*TO DO*
Your output should match the listing below word for word, without any images.

*SOURCE MATERIAL*

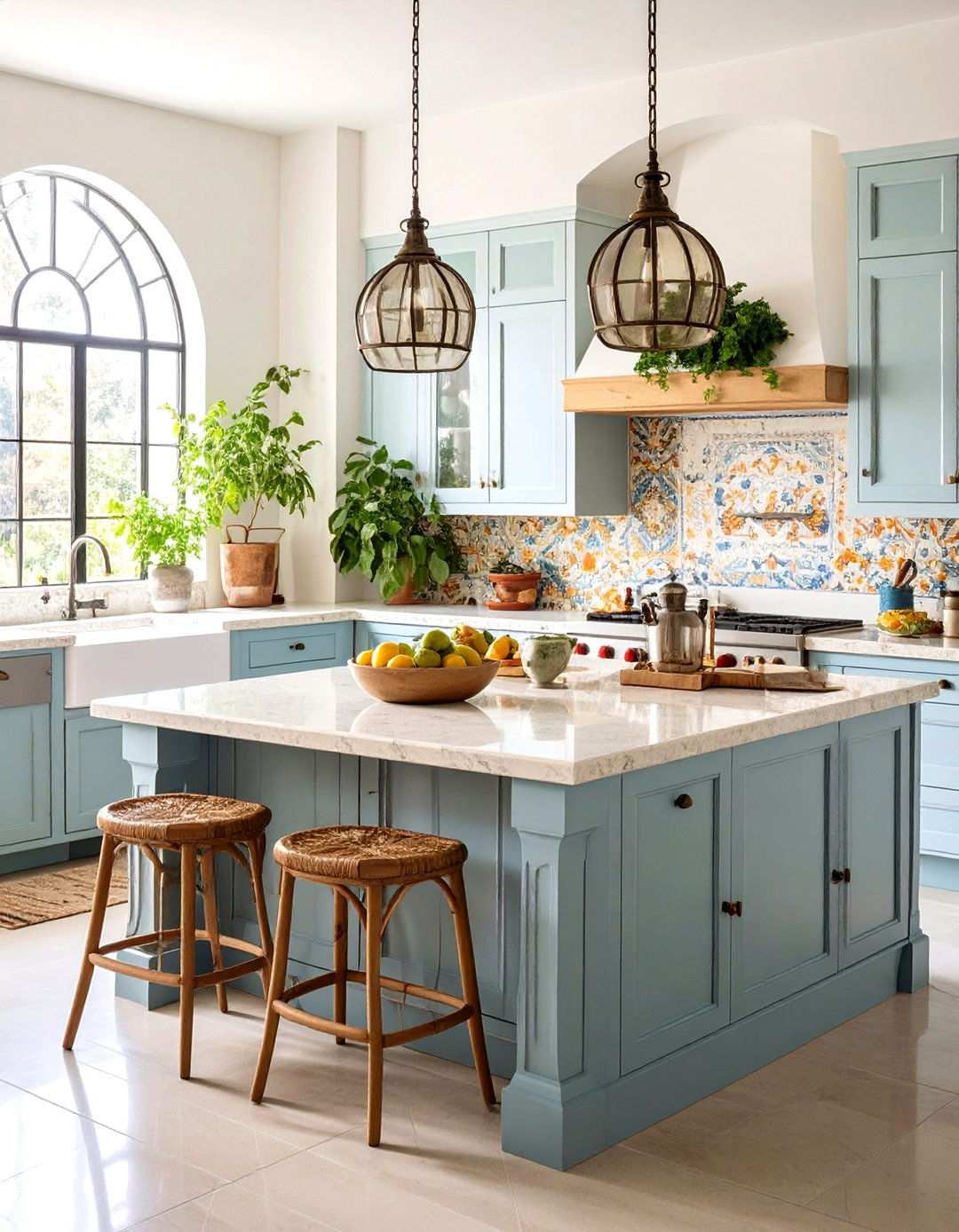 Natural Stone Mexican Kitchen Countertops - 24 Mexican Kitchen Ideas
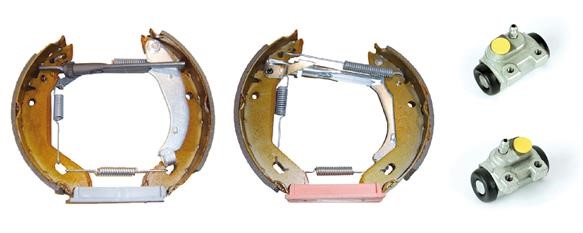 Bromsbackar, sats, Bakaxel Brembo Kit & fit K 61 059 BREMBO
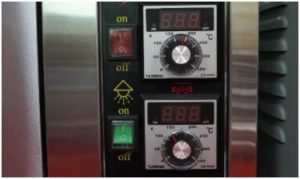 Electric 1 Deck 3 Tray Oven Control Panel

*EXERCISE OUTPUT*
 Natural Stone Mexican Kitchen Countertops - 24 Mexican Kitchen Ideas
 Bromsbackar, sats, Bakaxel Brembo Kit & fit K 61 059 BREMBO
 Electric 1 Deck 3 Tray Oven Control Panel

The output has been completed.